Hello, I have a single table that I am having a di...
# troubleshooting
a
Hello, I have a single table that I am having a difficult time getting to load. After one batch is loaded, the process as a whole "hangs" (best word I could think to describe the situation). The table has about 370 columns and 8GB of total data. I have followed the execution flow to the
get_batches()
method (https://github.com/meltano/sdk/blob/main/singer_sdk/streams/core.py#L1431) which is the point in which execution hangs. A second "record_count" metric is sent for what would be the second batch but nothing comes of it. After 30 minutes of waiting, if I try and manually kill the process, a python process taking about 20GB of RAM remains which I also have to kill manually. This does not happen with any other load. Any ideas on what might be causing this? The system has more than enough resources to handle the load (usually only taking about 20% of CPU and 30% of memory), so I do not suspect that is the issue. I receive the same results when running from a Windows 11 machine, a Windows 2022 Server VM, and an Ubunutu 22.04 VM
👀 1
v
What I'd do is run
meltano invoke tap-oracle > out
does that hang? If not
meltano invoke target-redshit < out
does that hang? If so where? Is it one record? Can you isolate it, etc
They shouldn't ever hang like that so it's a pretty nasty bug
a
I ran both commands and
meltano invoke tap-oracle > out
hung in exactly the same spot. After killing the process (waited about 20 minutes to see if it would finish), I ran
meltano invoke target-redshift < out
and it completed successfully for the one batch file that did get written.
I added a row count log and it always loads up to 1,000,000 records (so it fills the sink fully a 2nd time since that batch limit is 500k records), sends out the record_count metric for the 2nd sink and then just... stops. The only unique thing I am seeing is that the first record_count metric pings with a count of "1". Could be nothing but I don't see that being the case for other streams.

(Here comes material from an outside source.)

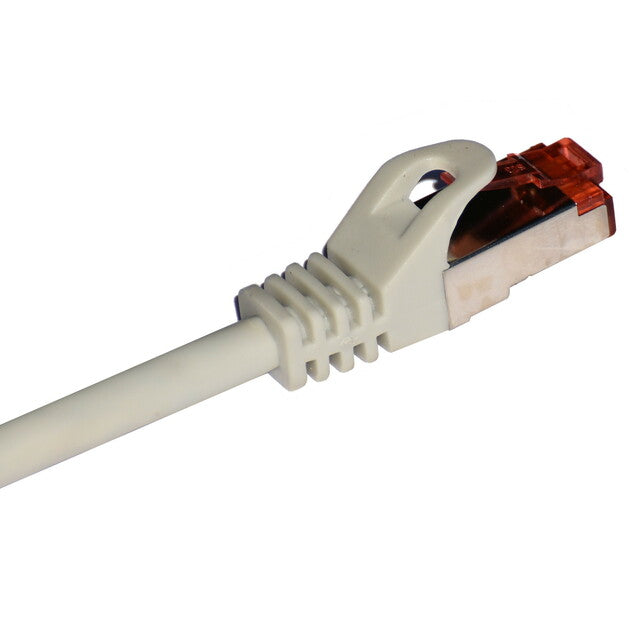 Vertical Cable CAT6A Mold-Injection Snagless Shielded Patch Cable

To add some diversity to the tests, I set the start_date value to see what would happen: 1. start_date: NULL a. Hangs at 1,000,000 records (2 full batches) 2. start_date: 2000-01-01 a. Hangs at 1,000,000 records (2 full batches) 3. start_date: 2023-10-01 a. Hangs at 920,000 records (1 full batch, one partial batch) 4. start_date: 2024-10-01 a. Completes successfully (1 partial batch, 120_000 records)
e
Could be nothing but I don't see that being the case for other loads.
Do the other loads use different connectors or do they not use batch?
a
I corrected my message. I meant others streams in the same run
@Edgar Ramírez (Arch.dev) I spent the day trying out many different configurations and I found that regardless of start_date or number of records, it always hung when the table had at least 342 columns. 341 was totally fine and ran like normal. 342 columns and it hung. I tried many different columns of different types and content for the 342nd column and it made no difference. Any thoughts?
(Just live taking notes for anyone else that may experience this) I dropped the batch count down from 1_000_000 to 500_000 with no luck but dropping it down to 200_000 records per batch did end up clearing the hurdle. I am struggling to understand why because there is absolutely no resource contention but this is where my python knowledge starts to hit its limit.
The second batch of 200_000 records takes only 17s to retrieve and process during the ``_sync_records()` call. However, after the 200_000 records are retrieved, the subsequent call to
lazy_chunked_generator()
does not occur for another 128s. I cannot figure out what is happening in that gap.
v
I'd try to query that column yourself with your own query engine, maybe something is up? Make sure that it works when you pull it, then it's just narrowing it down. This is a weird one for sure
Dbeaver or something?
My guess is the data has something weird about it that's causing issues, the problem is the issue could be in a bunch of places
(Oracle DB itself, SQL Driver, Network/OS, Tap itself, etc) unfortunante part of that tap is it isn't super clean (not sdk based) but still a hard problem regardless. Debugging options should be better
a
I thought the same as well, but as mentioned above I tried many different columns with different types (date, string, number, etc.) and with different contents and nothing changed. The last set of columns (320-370) are pretty much exclusively NULL other than the two final auditing columns. We are using our own custom tap for oracle built directly from the SDK. Our custom tap has virtually no overrides beyond the basics like
get_sqlalchemy_url
and
create_engine
for the SqlConnector. (I queried the data directly and it returned fine. Even exported the table as a whole from SQL Oracle Developer and DataGrip.)
I would think that if it was a content issue, no batch size would solve the problem but my mental logic could be off.
You are right though, it could be a whole number of things that are hard to debug through a slack message chain. At least dropping the batch size down allowed me to continue forward.